What If Identity Is Just a Performance?

If identity is something you do rather than something you are, can you ever pin it down?

Some philosophers pushed the critique even deeper. What if there is no fixed, natural identity at all? Judith Butler (born 1956) argued that gender is not an inner fact but something you repeatedly do—a kind of performance that you learn, rehearse, and repeat. In their book Gender Trouble (1990), Butler suggested that even the categories “man” and “woman” are not eternal truths but effects of social rules. The historian Michel Foucault (1926–1984) had made a similar claim earlier: the very idea of “the homosexual” as a distinct type of person, he argued, was invented in the 19th century. Before that, same‑sex acts existed, but people did not think of them as revealing a special kind of human being.

If identities are made rather than found, then appealing to a “true” identity can backfire. It might simply lock you into the very categories that were used to oppress you. The political theorist William Connolly (born 1940) added that every identity defines itself against an other—we know who we are by seeing who we are not. This can easily turn difference into something evil or inferior, which keeps the old hierarchy in place, just with a new name. So identity politics might, without meaning to, strengthen the very system it wants to overthrow.
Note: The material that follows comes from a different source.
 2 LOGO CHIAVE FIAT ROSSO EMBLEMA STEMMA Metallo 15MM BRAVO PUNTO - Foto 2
Why So Many People Are Angry at Identity Politics

The term “identity politics” has become a political punching bag, attacked from the left, right, and center.

Since the 1990s, “identity politics” has become a favorite target for critics of all stripes. Liberal thinkers like Francis Fukuyama (born 1952) argue that the left’s focus on minority identities has distracted from fighting economic inequality and has even fed right‑wing nationalism, which proudly champions its own white, Christian identity. Leftist critics like Olúfémi Táíwò (born late 20th century) claim identity politics has been captured by elites who use it for their own careers while ignoring poor and working‑class people. The philosopher Nancy Fraser (born 1947) pointed out a deep tension between recognition—demanding that your group’s uniqueness be valued—and redistribution—taking wealth and power away from those who have too much. Sometimes, getting recognized as a distinct group can mean accepting your group’s lower place, rather than ending inequality altogether.
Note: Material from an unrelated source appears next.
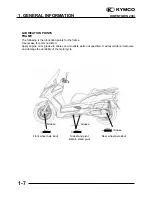 Предварительный просмотр 10 страницы KYMCO Downtown 200i Service Manual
Defenders of identity politics respond that this is a false choice. Movements like Black Lives Matter or #MeToo never separated identity from economics; they have always shown how racism and sexism shape who gets paid less and who gets locked up. The debate, far from settling down, has only grown more tangled. The same words are used as an insult and as a banner of hope.

What This Means for You

Every day you are shaped by the groups others put you in—but you also have the power to redefine them.

Every day, without anyone asking your permission, people sort you into boxes: “the sporty kid,” “the quiet one,” “the kid from that neighborhood.” Sometimes you are treated differently because of how others see your race, your gender, your body, or where your family came from. Identity politics asks the same question that those Boston activists asked in 1977: should you own that box and make it a source of pride, or should you try to break free of all boxes? There is no clean answer. Philosophers have given us tools, though. You can remember that being true to yourself might mean reshaping what the group even means—not just accepting a ready‑made label. And you can hang on to the insight that you are always more than any single word can capture. That tension—between taking pride in who you are and refusing to be trapped by it—is the place where the real thinking begins.

Think about it

  1. If your classmates always treat you as “the smart kid,” would joining a club for “smart kids” make you feel proud or would it make the label harder to escape?
  2. Some people worry that celebrating what makes your group different can accidentally push other groups away. Can you think of a time when being proud of your own group slipped into putting someone else’s group down?
  3. If you could pick one word to describe a part of yourself that no one else uses, what would it be—and do you think that word could ever become the center of a political movement? Why or why not?